(Beginning of Data)

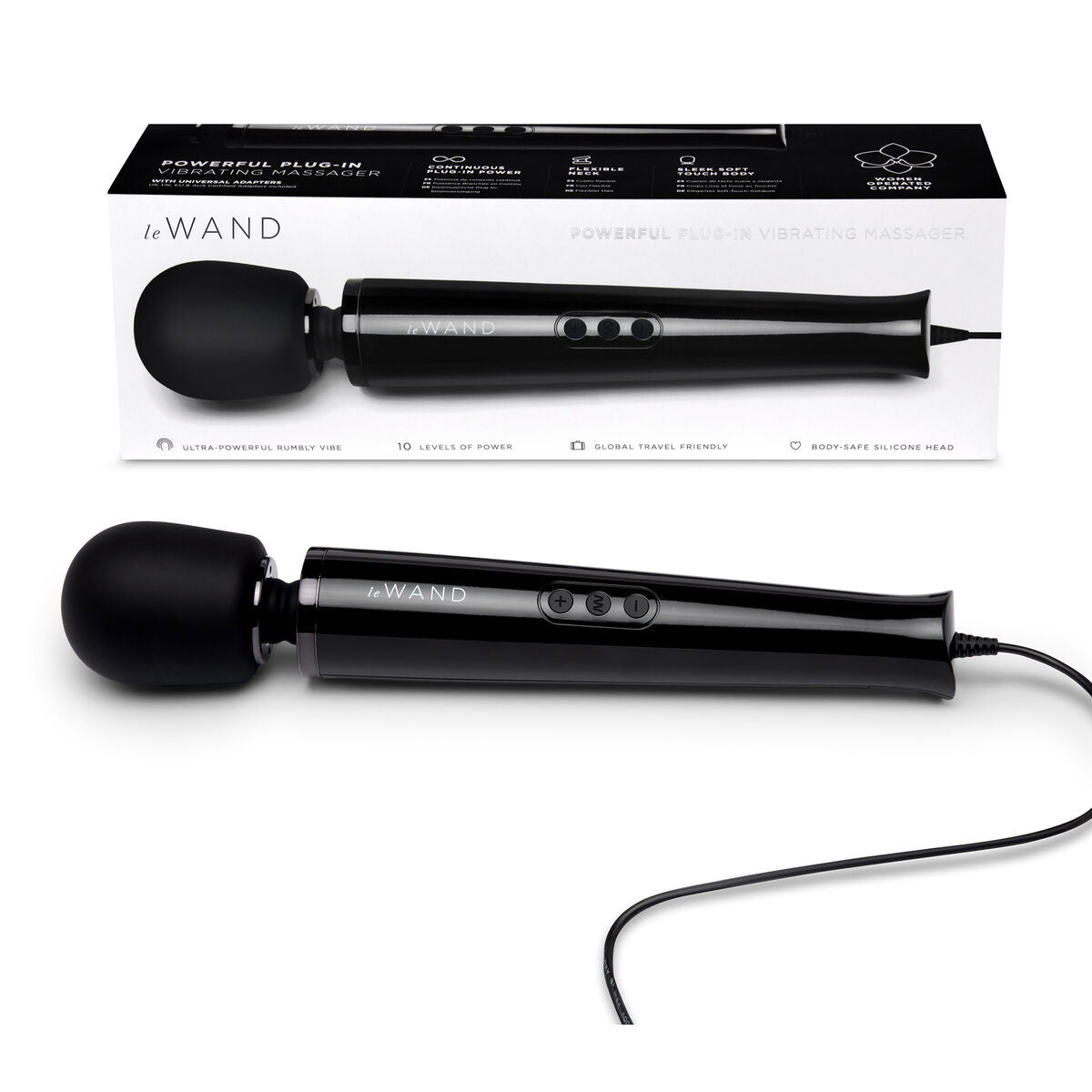 Vibrator Le Wand Black-1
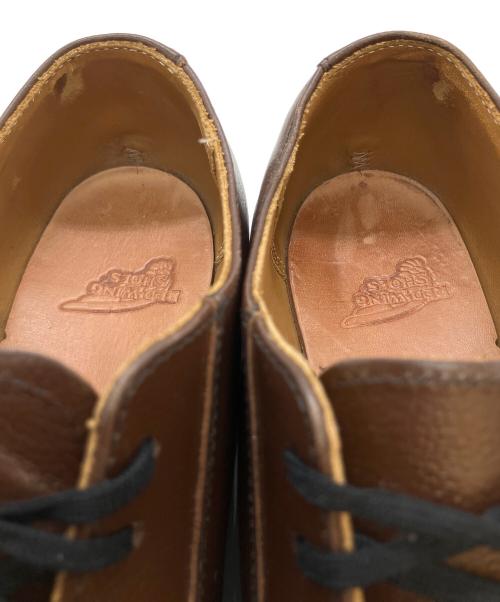 RED WING（レッドウィング）RED WING (レッドウィング) ポストマンシューズ ブラウン サイズ:ポストマンシューズの古着・服飾アイテム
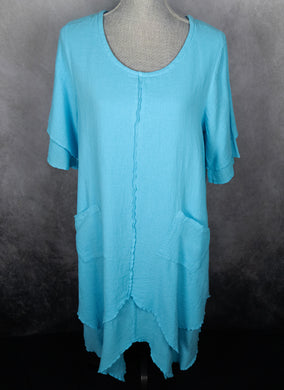 Double Layer Gauze Dress
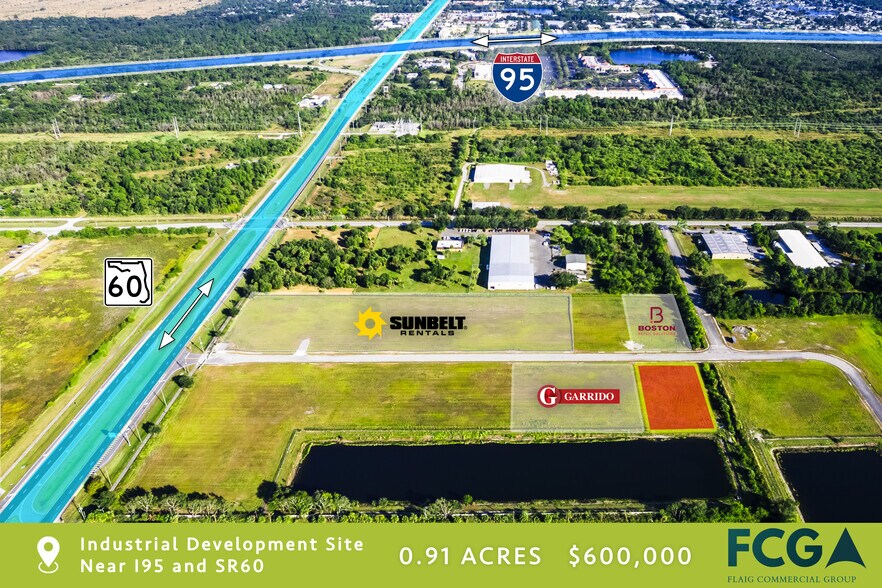 Primary Photo Of 1865 Enterprise Road, Vero Beach Land For Sale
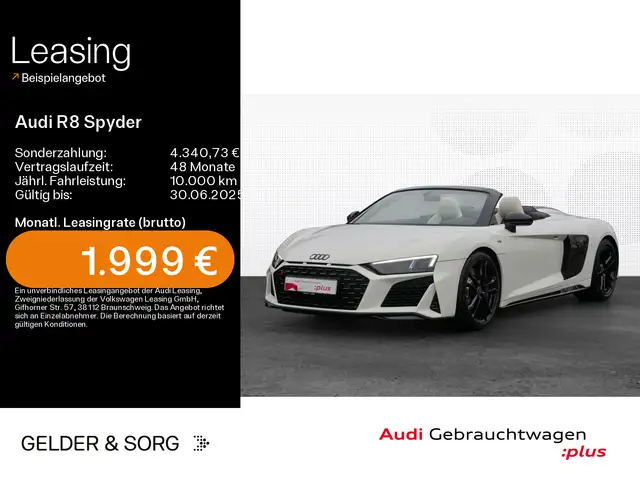 Audi V10 performance RWD exclusive individu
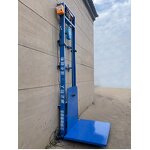 Mezzanines Cargo Lift Supplier - Guide Rail Home Use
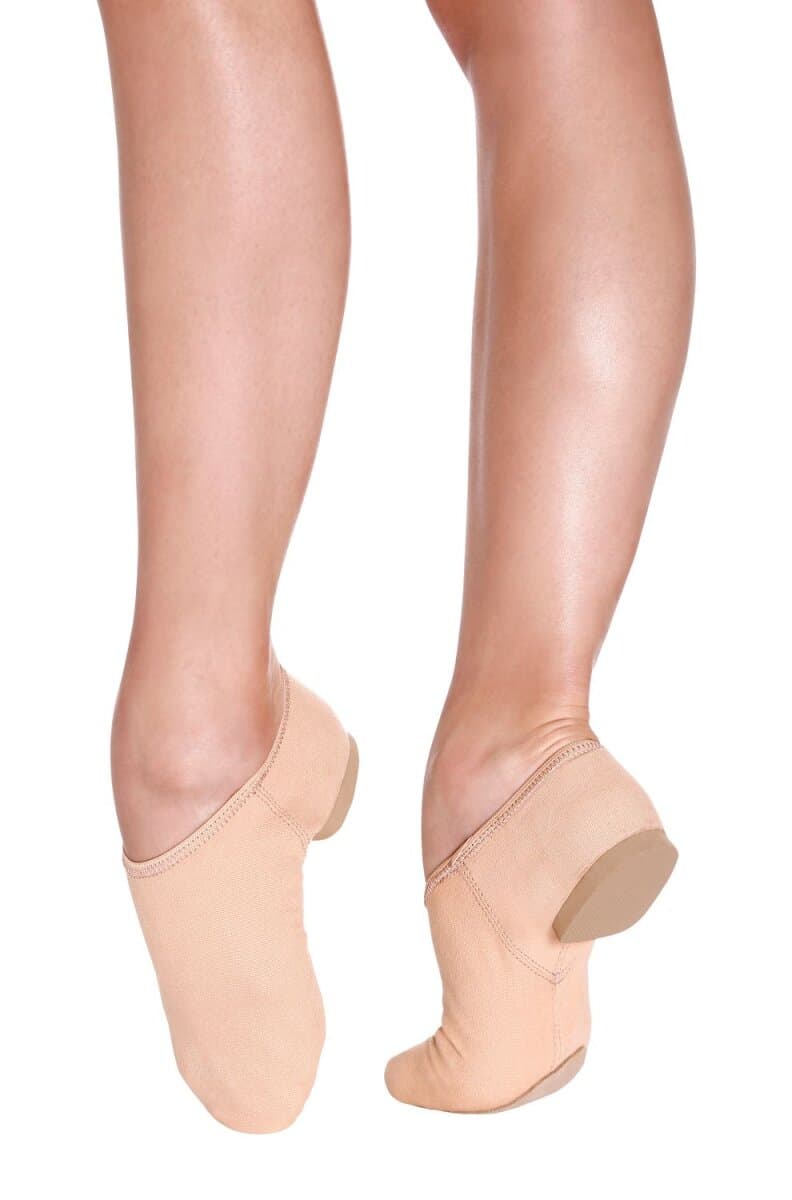 So Danca Jazzschuhe aus Stretch-Leinen VEGAN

(End of Data)

_Exercise brief_
Exclude the pictures. Write out the remaining data exactly.

_Task response_
 Vibrator Le Wand Black-1
 RED WING（レッドウィング）RED WING (レッドウィング) ポストマンシューズ ブラウン サイズ:ポストマンシューズの古着・服飾アイテム
 Double Layer Gauze Dress
 Primary Photo Of 1865 Enterprise Road, Vero Beach Land For Sale
 Audi V10 performance RWD exclusive individu
 Mezzanines Cargo Lift Supplier - Guide Rail Home Use
 So Danca Jazzschuhe aus Stretch-Leinen VEGAN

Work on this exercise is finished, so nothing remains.